Try it:
Beneath this line are entries. Copy the range from the line with "Vacation Home Near Disney, 6 bedrooms" to the line with "SHHFK7H46KU405318 2019 HONDA CIVIC - Image 8", ends included, exactly; leave pictures out.

Input records:
= = = =
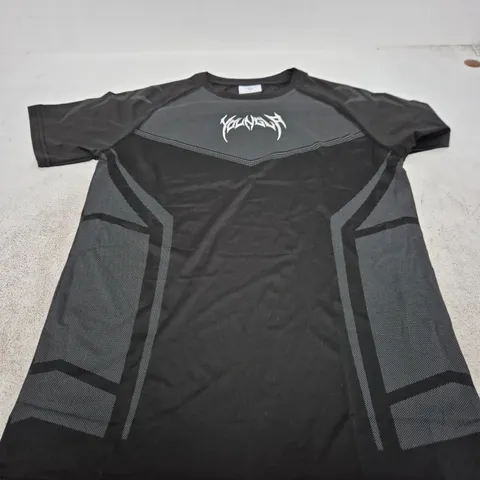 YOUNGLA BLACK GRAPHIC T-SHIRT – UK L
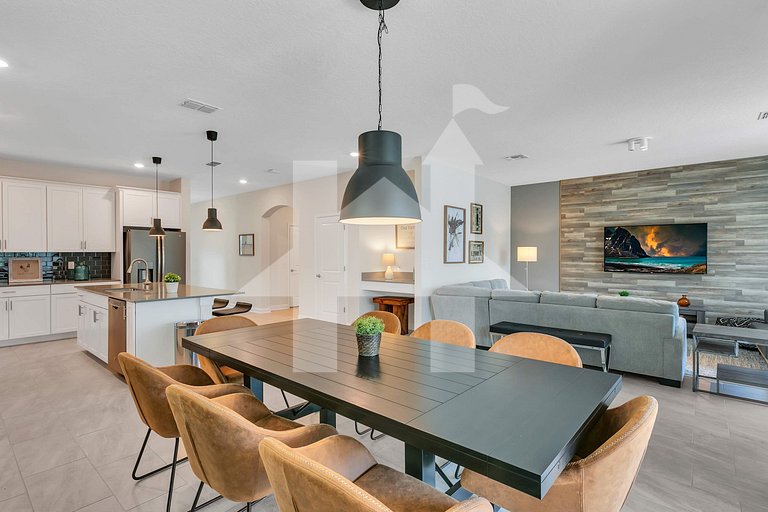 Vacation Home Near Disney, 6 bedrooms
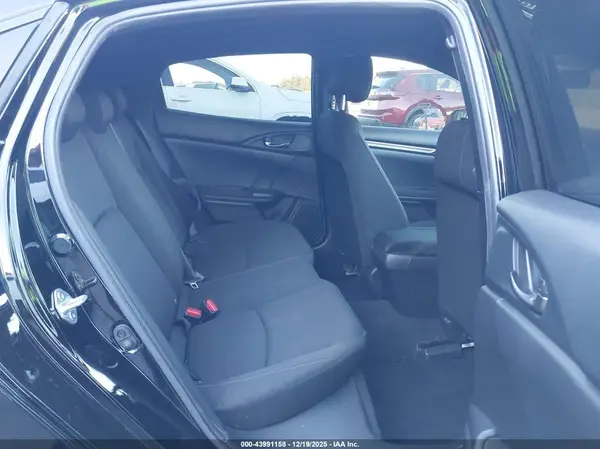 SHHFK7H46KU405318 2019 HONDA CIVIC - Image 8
= = = =
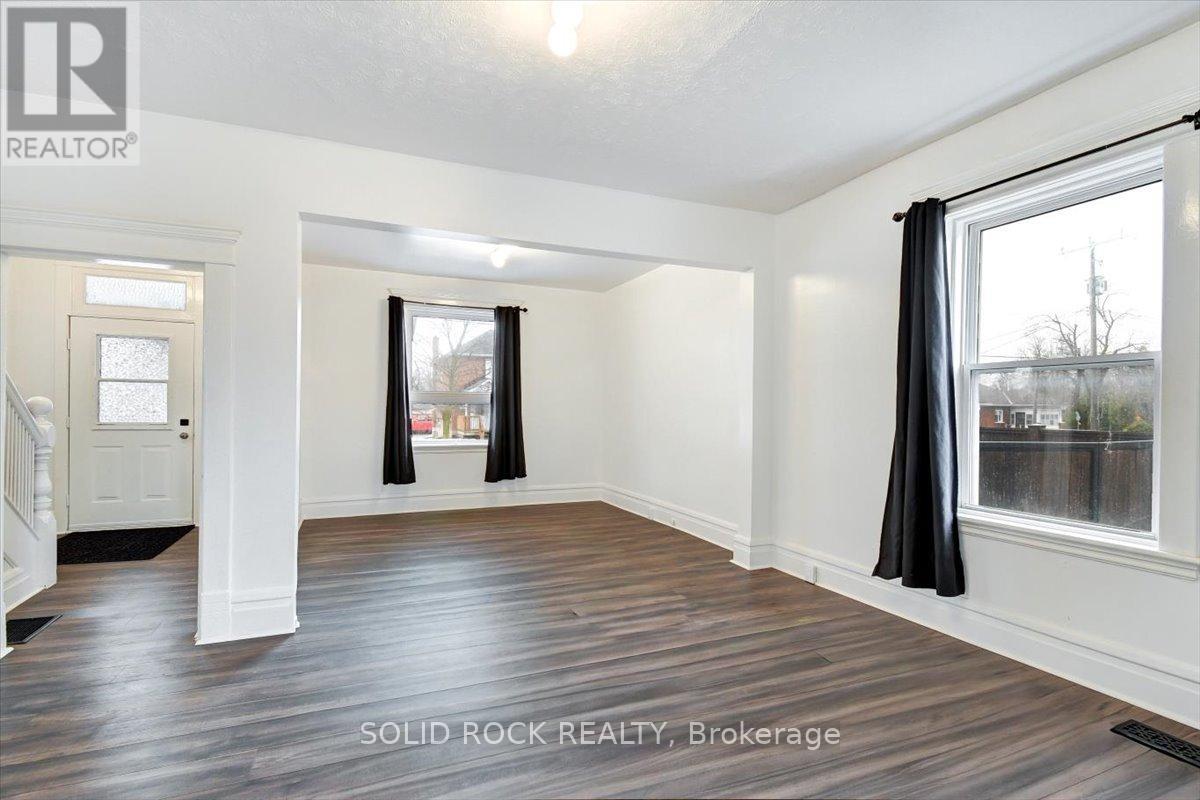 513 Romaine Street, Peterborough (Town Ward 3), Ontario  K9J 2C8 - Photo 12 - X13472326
= = = =
Exercise solution:
 Vacation Home Near Disney, 6 bedrooms
 SHHFK7H46KU405318 2019 HONDA CIVIC - Image 8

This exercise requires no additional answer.